Mereka umumnya menyatakan bahwa aksi terorisme di Surabaya itu hanyalah rekayasa belaka. Tak hanya itu, mereka juga menuduh bahwa pemerintah adalah dalang di balik insiden kemanusiaan tersebut.
Para penyebar informasi sesat itu mengarang chat dan video seakan-akan ada kejanggalan dari peristiwa bom di Surabaya. Karangan itu disebarkan secara masif di media sosial sehingga mempengaruhi opini masyarakat.
Semua itu diarahkan untuk satu tujuan, yaitu menyudutkan pemerintahan Presiden Jokowi dengan kampanye #2019GantiPresiden.
Tentu saja, tuduhan tersebut tidak benar dan sesat. Kita semua tahu bahwa kejadian bom bunuh diri di tiga gereja, rusunawa Sidoarjo, dan Mapolrestabes Surabaya adalah fakta.
Tak ada rekayasa dalam aksi terorisme yang keji tersebut. Apalagi aksi bom bunuh diri itu sampai membawa korban puluhan jiwa.
Hanya orang sakit jiwa yang menyebutkan bahwa peristiwa yang tragis itu sebagai upaya rekayasa pemerintah belaka. Bila ada yang demikian sepertinya perlu diperiksa, jangan-jangan mereka adalah bagian dari jaringan teroris itu sendiri?

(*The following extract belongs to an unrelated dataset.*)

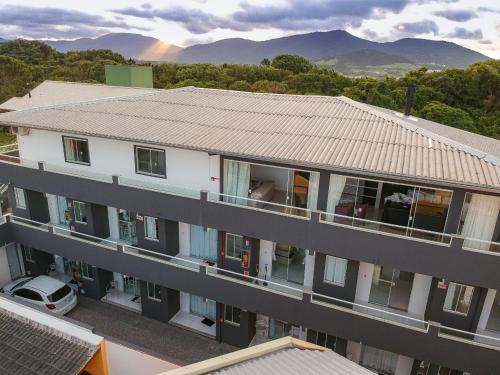 Residencial Neto in 聖堤荷海灘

Dalam beberapa pesan berantai yang beredar disebutkan bahwa kejadian bom bunuh diri di Surabaya polanya mirip dengan bom Borobudur pada 1985. Mereka menyebutkan peristiwa itu sebagai rekayasa pemerintah melalui operasi intelijen.

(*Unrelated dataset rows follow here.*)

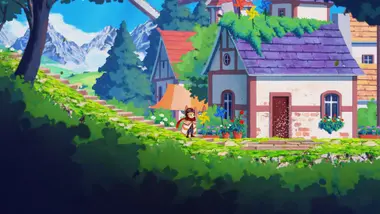 Talewind preview 9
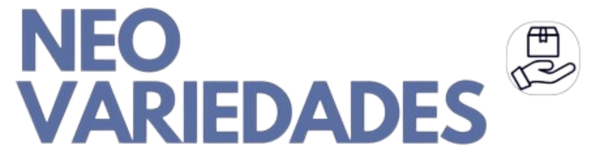 Mi tienda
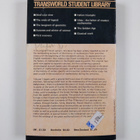 Jean Itard ym. : Mathematics and Mathematicians vol. 1-2 - pikkukuva 2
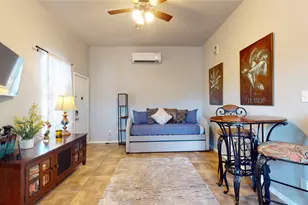 4507 W Bayshore Dr, Bacliff, TX 77518 - Photo 15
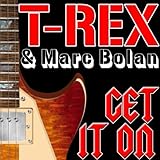  Get It On (Demo)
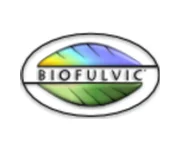 Biofulvic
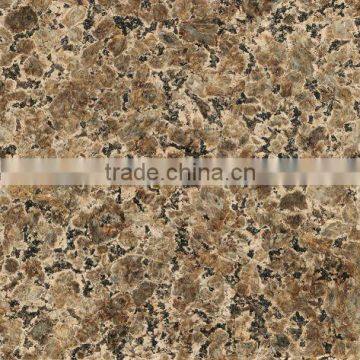 blue pearl royal granite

Dengan membandingkan kejadian tersebut, para pembuat informasi sesat itu ingin mengatakan bahwa kejadian Surabaya ini juga didalangi oleh pemerintah.
Hal itu tak bisa dipahami demikian karena konteks kejadiannya berbeda dan tidak ada kaitan satu sama lain antara keduanya. Itu hanyalah upaya penggiringinan wacana untuk sebuah cerita yang konspiratif.
Penampilan cerita mengenai kejanggalan bom bunuh di Surabaya tersebut merupakan upaya untuk mendekonstruksi masyarakat atas kepercayaan kepada pemerintah.